### Source data
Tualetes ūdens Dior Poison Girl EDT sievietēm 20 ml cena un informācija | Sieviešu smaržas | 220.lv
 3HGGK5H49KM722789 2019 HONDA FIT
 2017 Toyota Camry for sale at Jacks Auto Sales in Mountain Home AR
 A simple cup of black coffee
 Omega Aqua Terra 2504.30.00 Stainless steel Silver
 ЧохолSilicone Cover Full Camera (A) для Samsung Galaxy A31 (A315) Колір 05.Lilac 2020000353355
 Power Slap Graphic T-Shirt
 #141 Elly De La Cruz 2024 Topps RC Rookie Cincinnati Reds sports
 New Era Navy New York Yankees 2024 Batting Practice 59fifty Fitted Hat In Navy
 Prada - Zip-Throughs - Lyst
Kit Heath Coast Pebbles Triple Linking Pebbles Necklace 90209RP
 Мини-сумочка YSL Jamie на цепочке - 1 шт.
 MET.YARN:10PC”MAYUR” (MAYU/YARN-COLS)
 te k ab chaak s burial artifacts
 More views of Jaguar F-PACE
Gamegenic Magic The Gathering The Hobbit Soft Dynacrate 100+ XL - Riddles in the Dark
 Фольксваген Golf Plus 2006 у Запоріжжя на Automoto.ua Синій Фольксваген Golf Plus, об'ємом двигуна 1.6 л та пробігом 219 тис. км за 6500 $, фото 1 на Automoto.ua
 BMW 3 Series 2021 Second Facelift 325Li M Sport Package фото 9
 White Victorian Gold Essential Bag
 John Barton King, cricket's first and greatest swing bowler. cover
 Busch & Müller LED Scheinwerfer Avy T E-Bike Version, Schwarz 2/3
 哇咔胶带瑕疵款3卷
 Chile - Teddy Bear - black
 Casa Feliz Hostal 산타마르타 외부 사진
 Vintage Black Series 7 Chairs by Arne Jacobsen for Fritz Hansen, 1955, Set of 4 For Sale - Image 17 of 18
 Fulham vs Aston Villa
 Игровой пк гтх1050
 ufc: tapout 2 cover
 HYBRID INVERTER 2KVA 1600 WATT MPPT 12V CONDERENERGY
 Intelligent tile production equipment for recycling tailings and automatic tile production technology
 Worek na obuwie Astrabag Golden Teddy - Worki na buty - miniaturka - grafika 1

### What the task asks
A complete, exact copy of the material is the expected answer.

### Task solution
Tualetes ūdens Dior Poison Girl EDT sievietēm 20 ml cena un informācija | Sieviešu smaržas | 220.lv
 3HGGK5H49KM722789 2019 HONDA FIT
 2017 Toyota Camry for sale at Jacks Auto Sales in Mountain Home AR
 A simple cup of black coffee
 Omega Aqua Terra 2504.30.00 Stainless steel Silver
 ЧохолSilicone Cover Full Camera (A) для Samsung Galaxy A31 (A315) Колір 05.Lilac 2020000353355
 Power Slap Graphic T-Shirt
 #141 Elly De La Cruz 2024 Topps RC Rookie Cincinnati Reds sports
 New Era Navy New York Yankees 2024 Batting Practice 59fifty Fitted Hat In Navy
 Prada - Zip-Throughs - Lyst
Kit Heath Coast Pebbles Triple Linking Pebbles Necklace 90209RP
 Мини-сумочка YSL Jamie на цепочке - 1 шт.
 MET.YARN:10PC”MAYUR” (MAYU/YARN-COLS)
 te k ab chaak s burial artifacts
 More views of Jaguar F-PACE
Gamegenic Magic The Gathering The Hobbit Soft Dynacrate 100+ XL - Riddles in the Dark
 Фольксваген Golf Plus 2006 у Запоріжжя на Automoto.ua Синій Фольксваген Golf Plus, об'ємом двигуна 1.6 л та пробігом 219 тис. км за 6500 $, фото 1 на Automoto.ua
 BMW 3 Series 2021 Second Facelift 325Li M Sport Package фото 9
 White Victorian Gold Essential Bag
 John Barton King, cricket's first and greatest swing bowler. cover
 Busch & Müller LED Scheinwerfer Avy T E-Bike Version, Schwarz 2/3
 哇咔胶带瑕疵款3卷
 Chile - Teddy Bear - black
 Casa Feliz Hostal 산타마르타 외부 사진
 Vintage Black Series 7 Chairs by Arne Jacobsen for Fritz Hansen, 1955, Set of 4 For Sale - Image 17 of 18
 Fulham vs Aston Villa
 Игровой пк гтх1050
 ufc: tapout 2 cover
 HYBRID INVERTER 2KVA 1600 WATT MPPT 12V CONDERENERGY
 Intelligent tile production equipment for recycling tailings and automatic tile production technology
 Worek na obuwie Astrabag Golden Teddy - Worki na buty - miniaturka - grafika 1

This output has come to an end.